Zwei mit den Vorgängen vertraute Weggefährten von ihm erzählen – unabhängig voneinander – folgende Geschichte: Weimer sei bei der «Frankfurter Allgemeinen Zeitung» vorstellig geworden, dem wichtigsten Konkurrenzblatt der «Welt», die er damals leitete. Er soll sich als Chefredaktor der «Frankfurter Allgemeinen Zeitung» ins Spiel gebracht haben. Eine ehemalige Führungskraft der Zeitung bestätigte der NZZ diese Darstellung.
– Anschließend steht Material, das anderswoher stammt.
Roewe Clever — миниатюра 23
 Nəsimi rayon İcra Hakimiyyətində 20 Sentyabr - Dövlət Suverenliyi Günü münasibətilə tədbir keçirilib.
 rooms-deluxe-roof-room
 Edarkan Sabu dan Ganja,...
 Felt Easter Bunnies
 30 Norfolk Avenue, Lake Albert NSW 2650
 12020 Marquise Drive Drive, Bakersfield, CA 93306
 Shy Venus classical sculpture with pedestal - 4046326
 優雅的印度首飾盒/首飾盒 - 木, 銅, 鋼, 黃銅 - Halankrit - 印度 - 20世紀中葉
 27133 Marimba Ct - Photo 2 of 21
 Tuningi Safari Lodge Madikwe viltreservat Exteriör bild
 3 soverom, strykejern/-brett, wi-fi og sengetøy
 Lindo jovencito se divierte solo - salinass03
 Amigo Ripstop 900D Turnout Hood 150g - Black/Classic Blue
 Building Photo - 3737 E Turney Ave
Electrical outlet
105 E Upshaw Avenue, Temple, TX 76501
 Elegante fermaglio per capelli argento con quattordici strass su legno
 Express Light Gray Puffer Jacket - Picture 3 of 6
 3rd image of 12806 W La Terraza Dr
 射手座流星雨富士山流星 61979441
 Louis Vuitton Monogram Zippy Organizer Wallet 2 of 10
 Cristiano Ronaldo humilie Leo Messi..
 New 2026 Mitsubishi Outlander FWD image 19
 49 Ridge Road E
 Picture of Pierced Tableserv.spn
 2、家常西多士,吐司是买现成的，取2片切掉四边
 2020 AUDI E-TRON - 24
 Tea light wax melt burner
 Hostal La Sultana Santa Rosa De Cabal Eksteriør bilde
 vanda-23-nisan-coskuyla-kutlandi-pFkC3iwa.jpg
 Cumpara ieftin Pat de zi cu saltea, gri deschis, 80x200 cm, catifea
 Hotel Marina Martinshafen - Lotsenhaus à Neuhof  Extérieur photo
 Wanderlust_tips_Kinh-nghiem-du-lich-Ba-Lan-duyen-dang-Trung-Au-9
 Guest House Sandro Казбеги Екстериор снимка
Auch der «Spiegel» berichtete kürzlich darüber.
Wenn das so stimmt, wäre dies, zumindest aus Sicht der Zeitung in Frankfurt, ein ungeheuerlicher Vorgang gewesen, da sie noch nie einen Chefredaktor hatte. Die Redaktion wird von vier Herausgebern geführt, die zusammen eine Art Chefredaktion bilden.
Der Springer-CEO Döpfner soll damals Wind von der Sache bekommen haben. Der Flirt mit der Konkurrenz sei für ihn ein Verrat gewesen. Bei Axel Springer will auf Nachfrage niemand zu den Vorgängen öffentlich Stellung nehmen. Die «Frankfurter Allgemeine Zeitung» verwies in einer E-Mail an die NZZ auf eine Erklärung in eigner Sache, die Ende Oktober 2002 im Blatt gedruckt wurde. Darin heisst es, das Herausgebergremium stehe nicht zur Diskussion.
Die NZZ hat Weimer mehrere Fragen zu den Vorgängen aus dem Jahr 2002 gestellt. Er lehnt es ab, sich öffentlich dazu zu äussern.
Null Toleranz gegen Judenhasser
Lieber möchte er über sein neues Amt reden, das er von der Grünen-Politikerin Claudia Roth übernommen hat. Hinter Roth liegt eine schwache Amtszeit. So hat sie zum Beispiel beim Antisemitismusskandal bei der Kunstmesse «Documenta» versagt und Steuergeld an die Organisation «Neue deutsche Medienmacher*innen» ausgezahlt. Diese versuchte mehrmals, Journalisten zu diskreditieren, die über kriminelle Migranten berichten.
Die Messlatte für Weimer liegt also tief. Im Gespräch sagt er, bei Antisemitismus gelte für ihn das Prinzip «null Toleranz». Ungeschickter als seine Vorgängerin kann er sich auf diesem Feld kaum anstellen.
Wird er sich bei kontroversen Themen wie dem Krieg in Nahost oder der Genderdebatte mit dem in weiten Teilen linken Kunstmilieu anlegen? Aus bürgerlich-konservativer Sicht ist es genau diese Frage, an der er sich messen lassen muss.